(Source information)
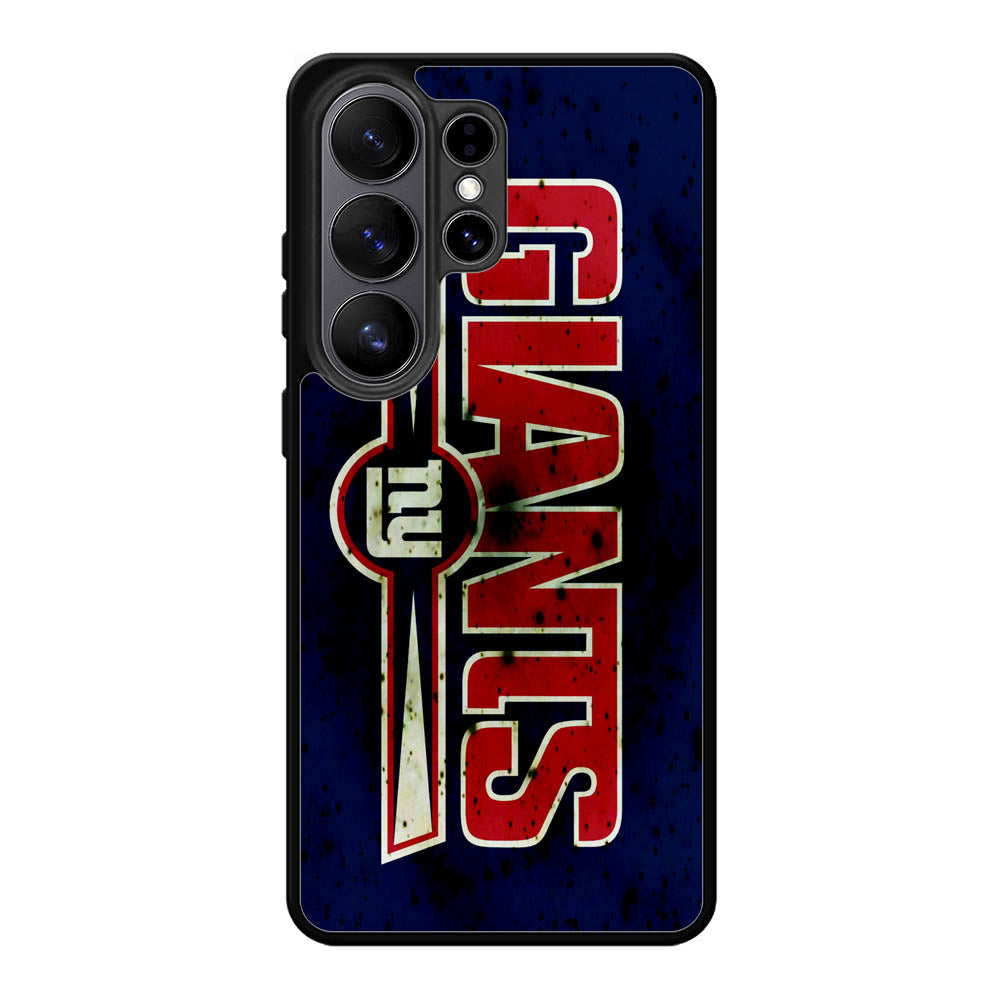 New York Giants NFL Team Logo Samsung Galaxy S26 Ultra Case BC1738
(End Source information)
(Source information)
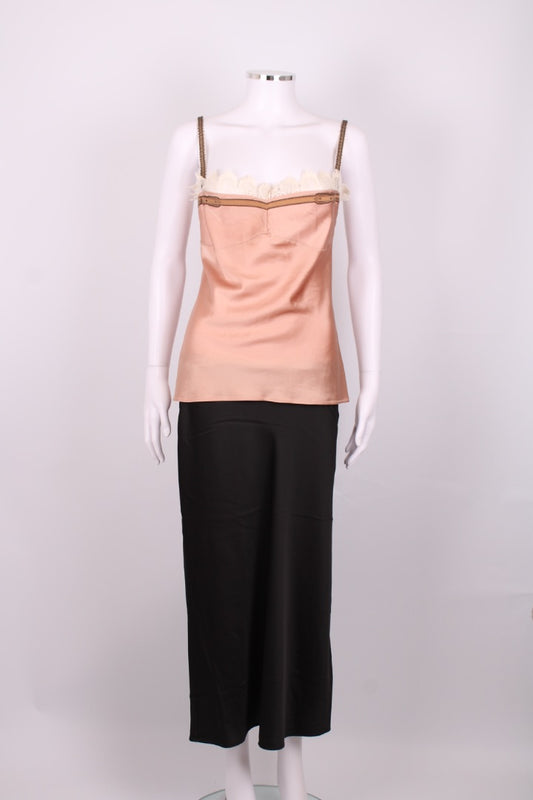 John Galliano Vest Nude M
(End Source information)
(Source information)
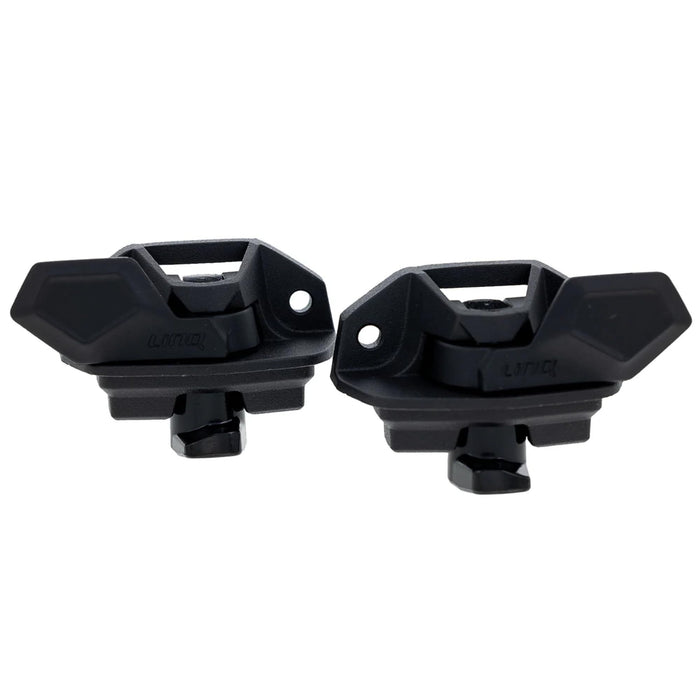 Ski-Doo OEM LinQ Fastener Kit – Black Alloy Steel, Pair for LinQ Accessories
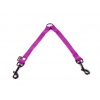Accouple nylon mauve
(End Source information)
_Problem requirements_. Everything above from the line with "Ski-Doo OEM LinQ" through the line with "Accouple nylon mauve" should be retyped exactly, and nothing else; omit pictures.

_Written response_.
 Ski-Doo OEM LinQ Fastener Kit – Black Alloy Steel, Pair for LinQ Accessories
Accouple nylon mauve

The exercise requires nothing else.